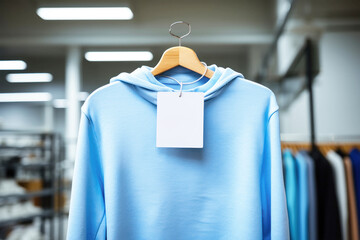 A blue hoodie adorned with a price tag hangs gracefully, telling a story of stylish possibilities and potential ownership. mockup for design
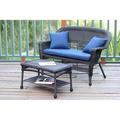 Jeco W00201-LCS011 Espresso Wicker Patio Love Seat And Coffee Table Set With Blue Cushion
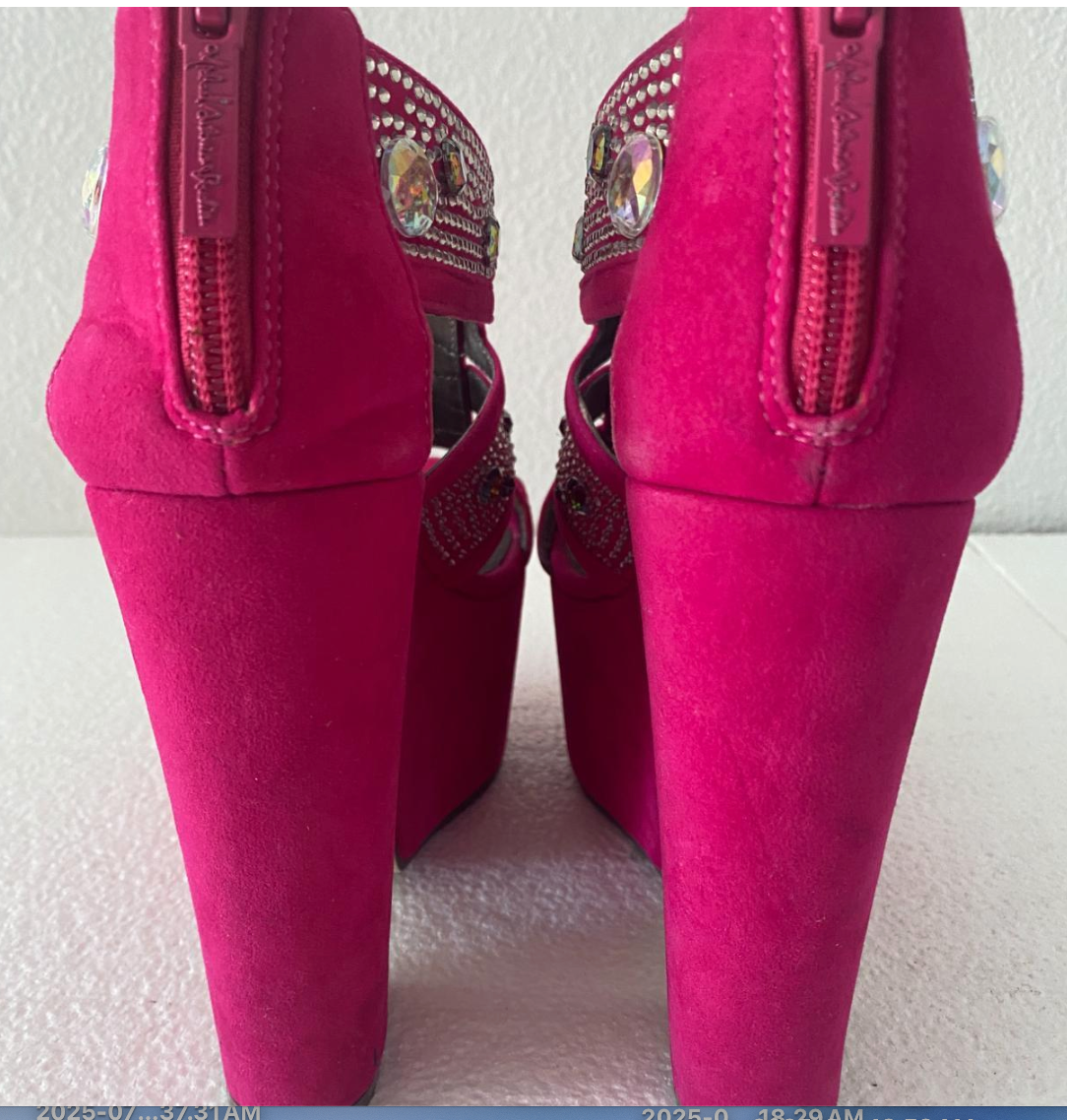 Rasberry Suede Jewled Platforms Retro 70s
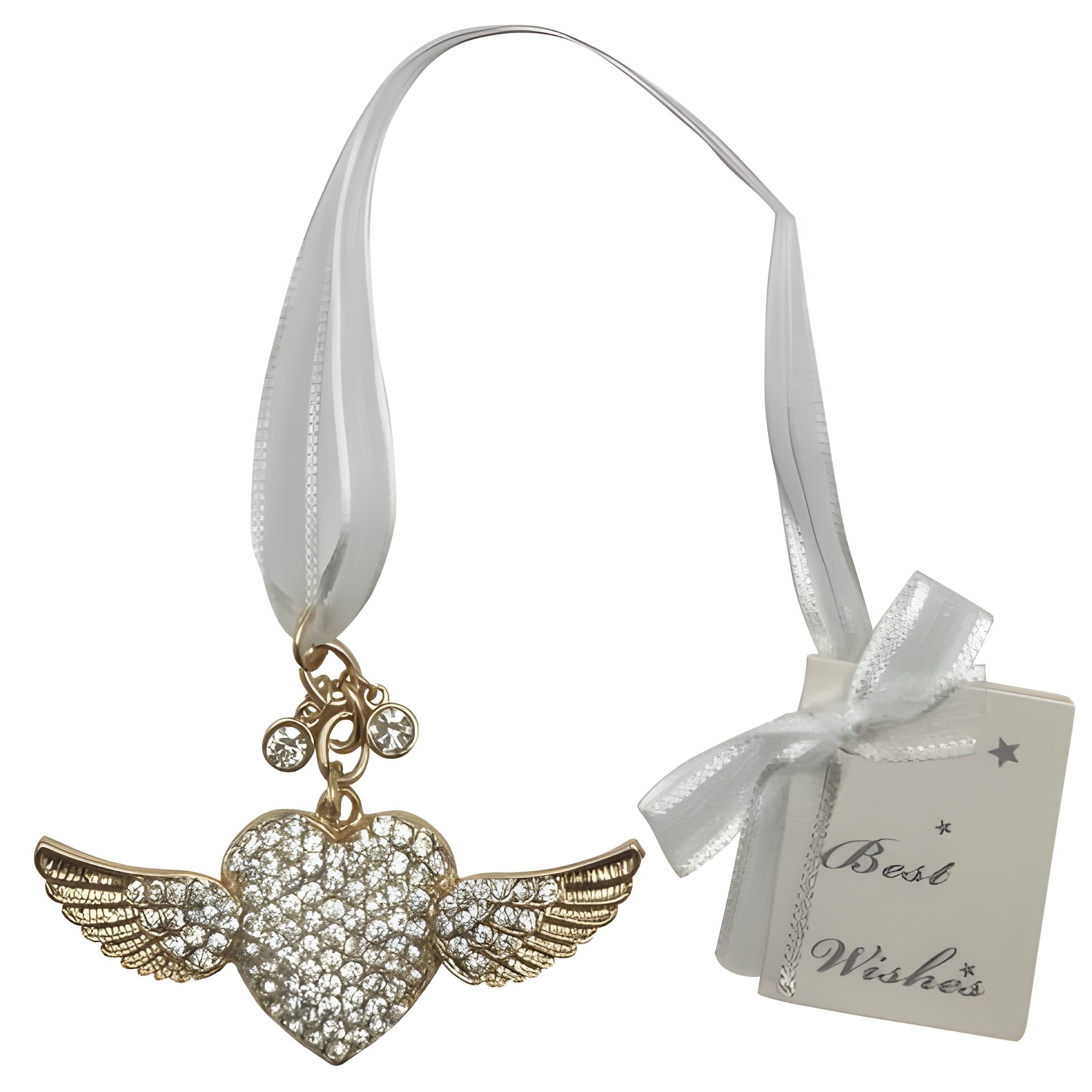 Gold Love Heart & Angel Wings with Crystal Diamantes Wedding Bridal Good Luck Charm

**Task requirements**
Every word of the material, and none of its pictures, should be set down again.

**Task response**
 A blue hoodie adorned with a price tag hangs gracefully, telling a story of stylish possibilities and potential ownership. mockup for design
 Jeco W00201-LCS011 Espresso Wicker Patio Love Seat And Coffee Table Set With Blue Cushion
 Rasberry Suede Jewled Platforms Retro 70s
 Gold Love Heart & Angel Wings with Crystal Diamantes Wedding Bridal Good Luck Charm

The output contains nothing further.